▶ **DIRECTIONS FOR THIS TASK**:
Leaving out the images, repeat all the lines below exactly.

Short text fragments from websites
━━━━

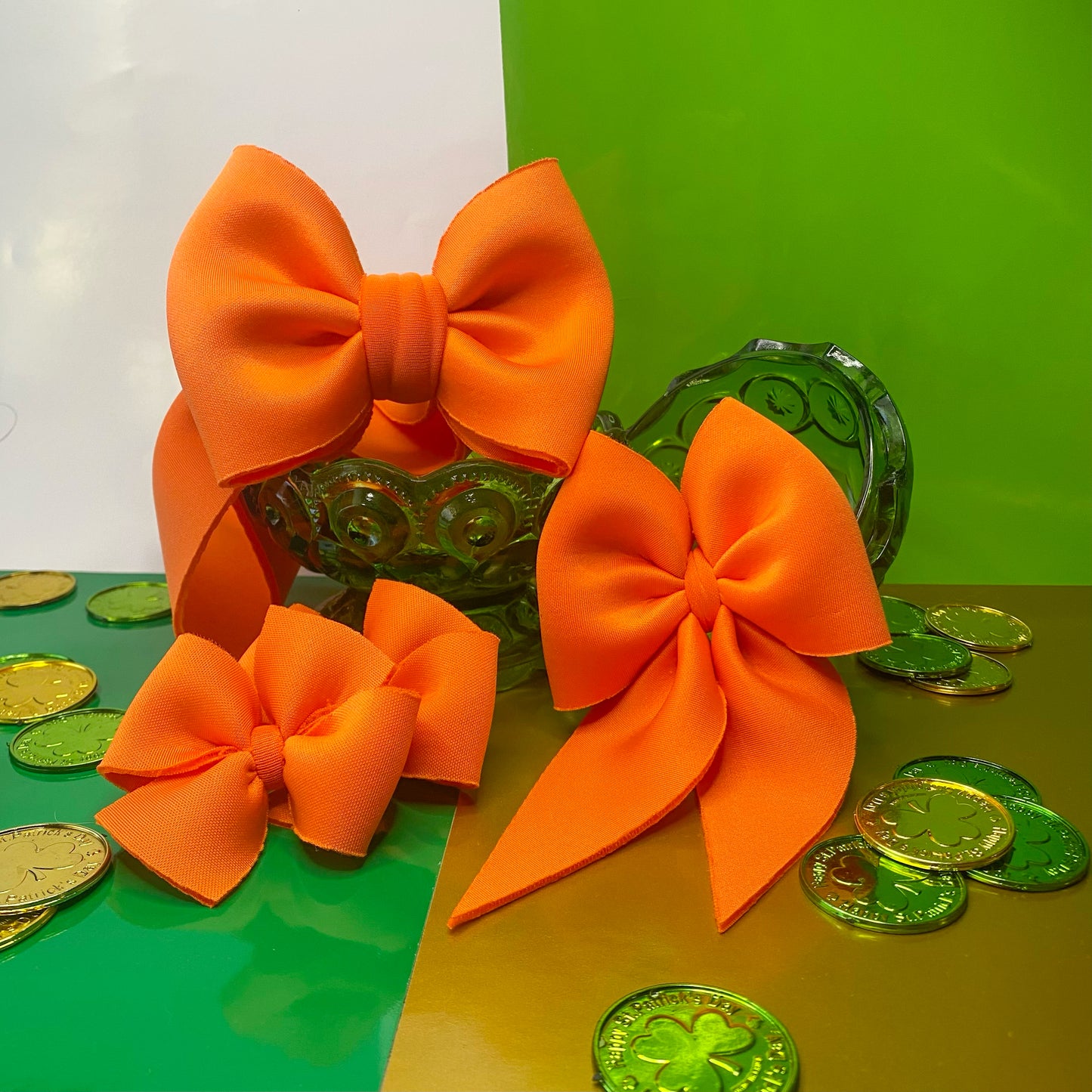 Orange Solid Scuba Hair Bow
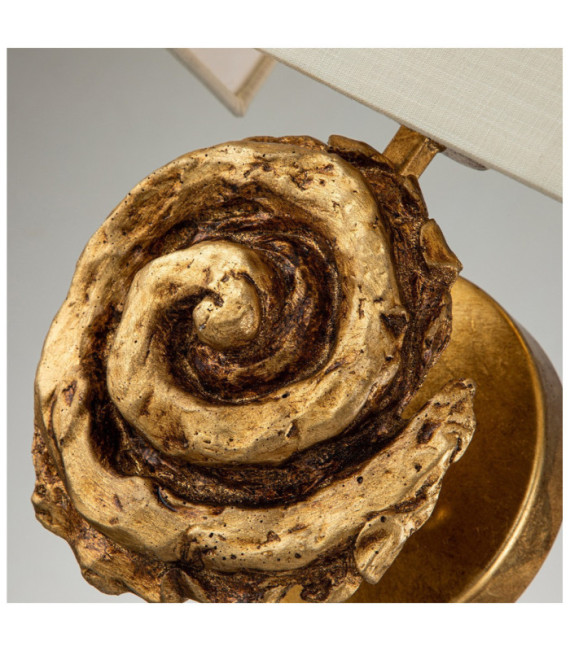 Swirl wall light Linen lampshade, steel, gold leaf resin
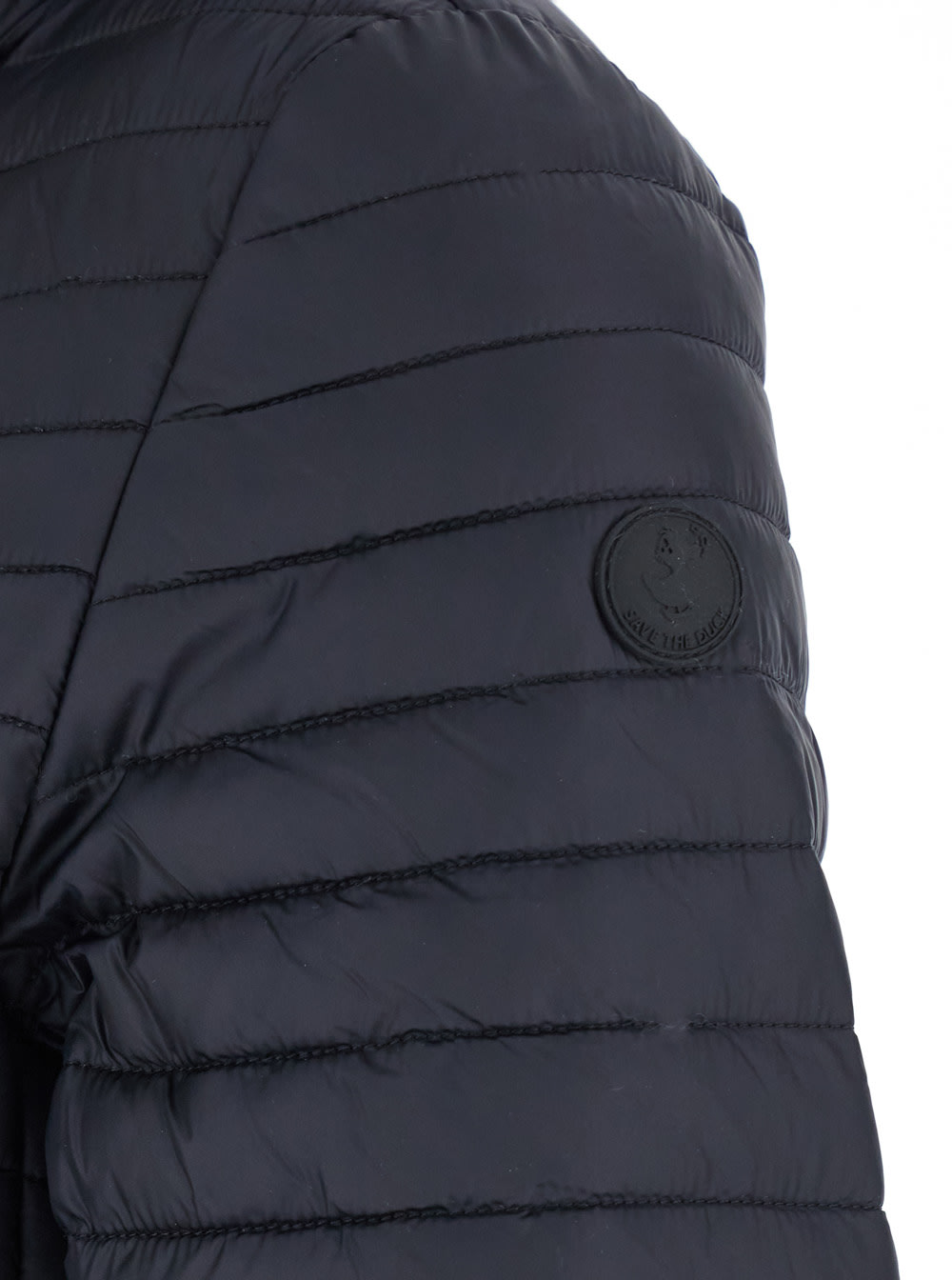 Save The Duck 'alima' Black Down Jacket With Tone-on-tone Logo Patch On The Sleeve In Tech Fabric Woman In Black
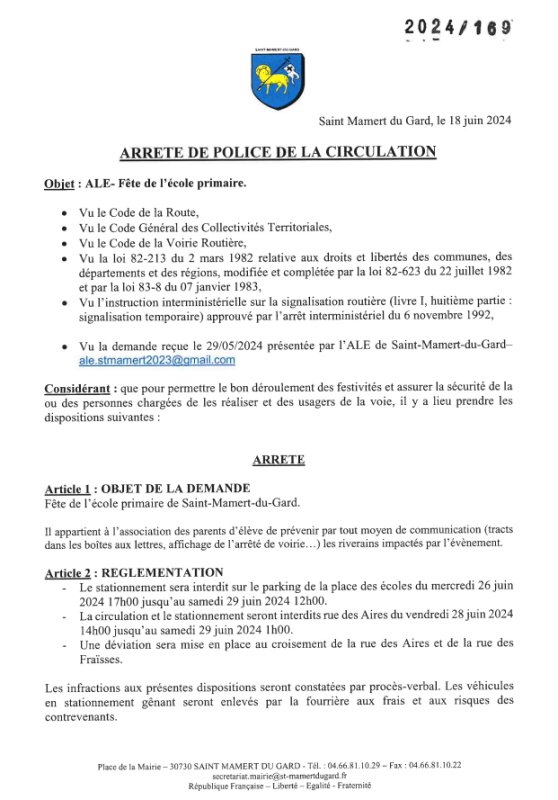 ARRETE DE POLICE DE LA CIRCULATION - FETE ECOLE ELEMENTAIRE - VENDREDI 28 JUIN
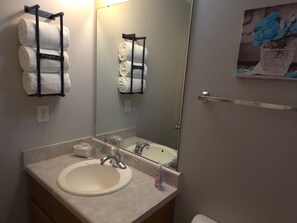 Dusche, Haartrockner, Handtücher, Seife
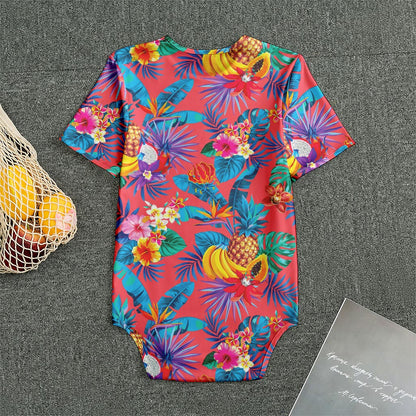 Pink Hawaiian Fruits Pattern Print Men's Bodysuit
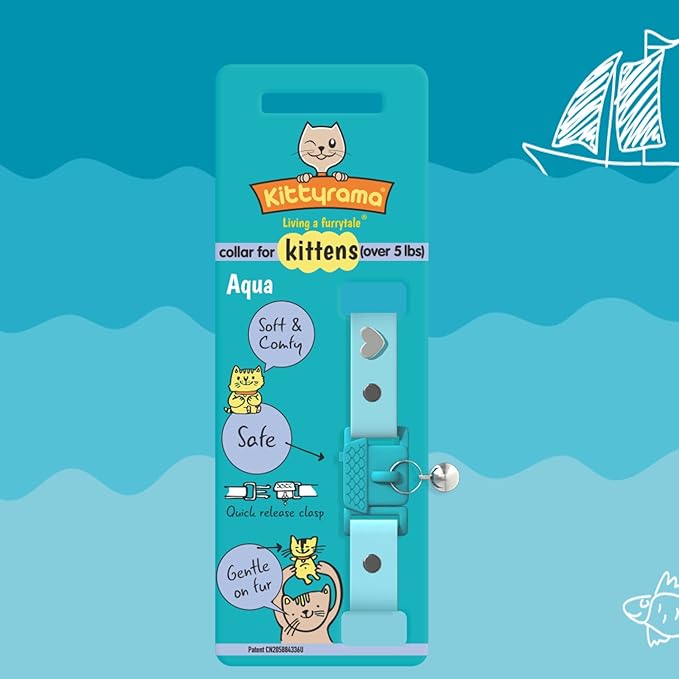 Kittyrama Aqua Kitten Collar with Bell. Award Winner. Vets & Cat Experts Approved. Breakaway Quick Release, Comfy & Lightweight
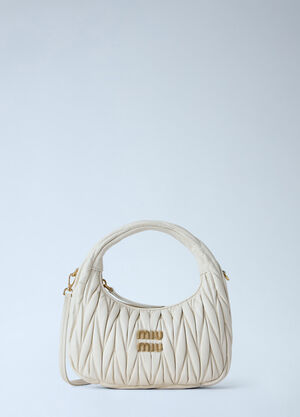 Miu Miu Small Wander Matelassé Hobo Bag White miu0266029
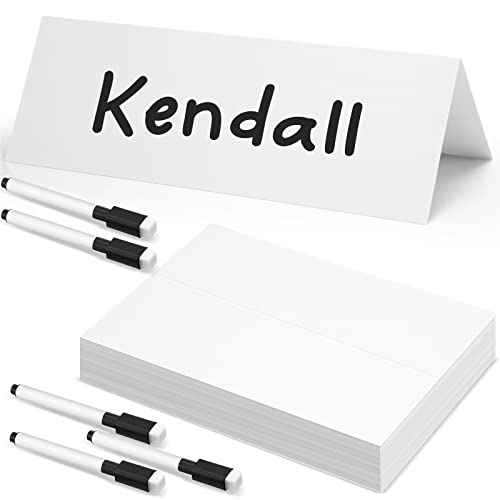 Seajan 105 Pcs White Dry Erase Tent Cards Reusable Name...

━━━━

▶ **RESPONSE TO THIS TASK**:
 Orange Solid Scuba Hair Bow
 Swirl wall light Linen lampshade, steel, gold leaf resin
 Save The Duck 'alima' Black Down Jacket With Tone-on-tone Logo Patch On The Sleeve In Tech Fabric Woman In Black
 ARRETE DE POLICE DE LA CIRCULATION - FETE ECOLE ELEMENTAIRE - VENDREDI 28 JUIN
 Dusche, Haartrockner, Handtücher, Seife
 Pink Hawaiian Fruits Pattern Print Men's Bodysuit
 Kittyrama Aqua Kitten Collar with Bell. Award Winner. Vets & Cat Experts Approved. Breakaway Quick Release, Comfy & Lightweight
 Miu Miu Small Wander Matelassé Hobo Bag White miu0266029
 Seajan 105 Pcs White Dry Erase Tent Cards Reusable Name...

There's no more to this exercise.